Shakti Cloud today runs more than 10,000 Nvidia GPUs in live production, supporting training, fine-tuning, and inference workloads. Our roadmap extends beyond 80,000 NVIDIA GPUs by FY 2026-27, backed by over $2 billion committed to Nvidia's latest chips. What these numbers represent is end-to-end control over compute, data, and execution within a single governed framework - not fragmented across providers or jurisdictions. 

When critical infrastructure sits outside your control, options narrow over time - on pricing, on access, on the ability to scale when it counts. Owning infrastructure is about ensuring that decisions on cost, security, and innovation remain yours to make. 

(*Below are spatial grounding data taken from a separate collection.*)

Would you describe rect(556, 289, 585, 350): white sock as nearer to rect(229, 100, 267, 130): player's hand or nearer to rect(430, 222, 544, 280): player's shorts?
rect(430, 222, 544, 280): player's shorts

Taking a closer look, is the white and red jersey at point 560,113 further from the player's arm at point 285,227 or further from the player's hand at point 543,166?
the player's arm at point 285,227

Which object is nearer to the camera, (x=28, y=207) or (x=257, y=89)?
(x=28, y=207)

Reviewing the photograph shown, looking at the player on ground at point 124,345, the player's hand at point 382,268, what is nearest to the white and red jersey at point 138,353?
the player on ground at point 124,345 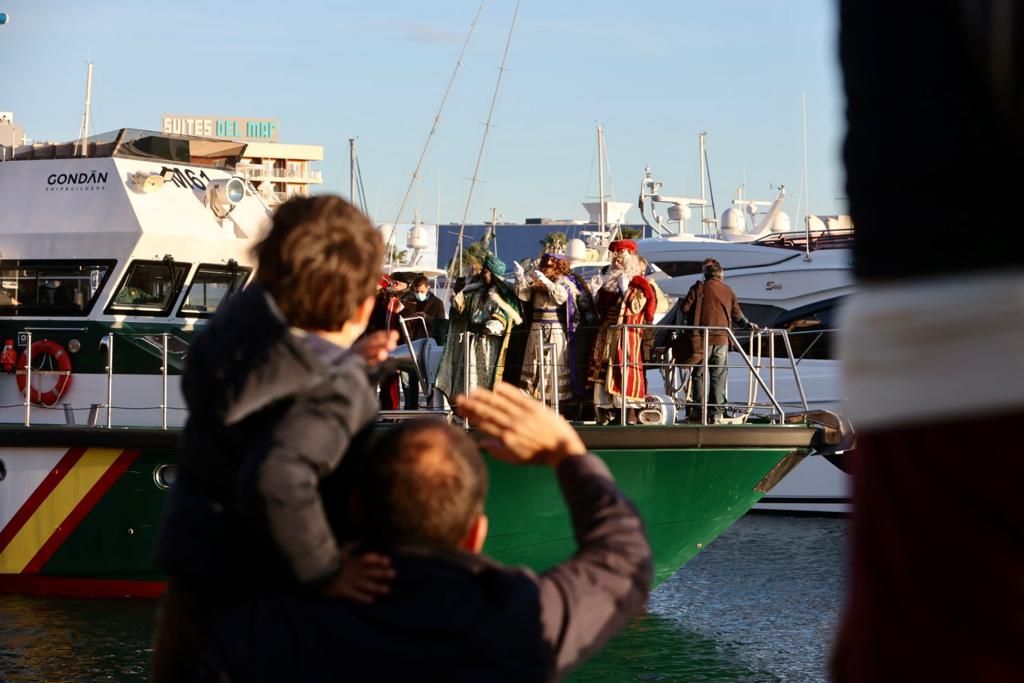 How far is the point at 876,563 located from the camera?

India is already beginning to reflect this shift. We are seeing high-priority cloud and AI workloads being rerouted from geopolitically sensitive regions into India. Enterprises are placing greater weight on resilience for mission-critical systems, not just cost efficiency. Improving subsea connectivity, access to high-performance compute, and a maturing policy environment around data governance are all moving in the right direction. India is being evaluated seriously as a part of the underlying infrastructure layer for global AI systems. Not just as a consumption market. At the India AI Impact Summit 2026, companies pledged $240 billion toward India's AI ecosystem, a calculated conviction about where the next phase of global AI infrastructure will be built. 

The Question That Actually Matters 

Will we remain a large, sophisticated consumer of AI built and run elsewhere? Or will we emerge as a location where AI is trained, deployed, and monetised on infrastructure we control? 

I know where I'm placing my bet. And I know what it will take. Not just investment and policy, but the conviction to build foundational infrastructure even when the returns will take time to fructify and the risks are real. 

The shift happening below the surface is quieter than a model launch. Less visible than a funding round. But in my experience, the quieter the shift, the more consequential it tends to be. 

The author is Co-founder, Managing Director and CEO at Yotta. Views expressed are personal.